The Evolution of Racism Through the Lens of ‘Lynching’ Rhetoric and Memory

“The significance of my masters thesis is rather timely; with the murder of George Floyd and several other Black members of the community by police, the discussion of “words and actions matter” is truly relevant. I hope than anyone interested in this line of research, notes the continuing narrative and rhetoric of government and politicians over the course of our history in relation to the importance of Black lives. Personally, my own dedication to continue pursuing this line of research has never been stronger.” #BlackLivesMatter


In her English Honors Thesis titled, Reaping the Whirlwind: How the Press Created Fear to Justify Anti-Black Legislation (1739-1898), Tammy analyzes press coverage of the Stono Rebellion, Nat Turner’s insurrection, and the Wilmington Race Riot. She provides the rare, connecting link between the agenda of the white elite press and how it spread fear among slave-owners and southern whites; in turn resulting in a devastating and long lasting negative impact on African Americans.

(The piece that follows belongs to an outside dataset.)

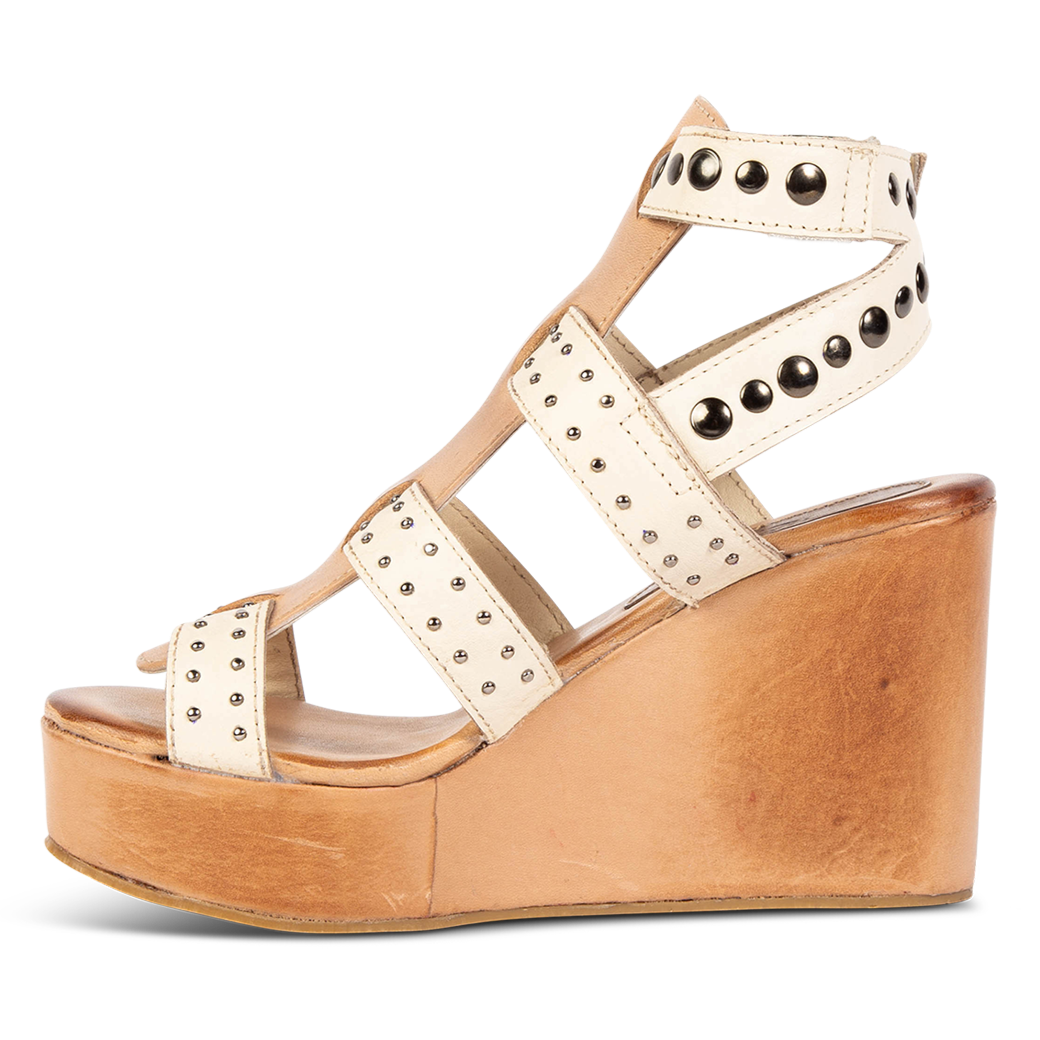Inside view showing wedge heel on FREEBIRD women's Winter beige multi platform sandal featuring an adjustable ankle strap and stud detailing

Tammy’s approach to the topic was one of the first inter-disciplinary theses submitted at the University of Alabama at Birmingham, connecting both the English and History departments.


The Nature of Symbols was chosen for the Phillips Scholarship Award by the English Department at the University of Alabama @ Birmingham for 2016-17.  It is an analysis of the short story, “The Sky is Gray” by noted author Ernest J. Gaines.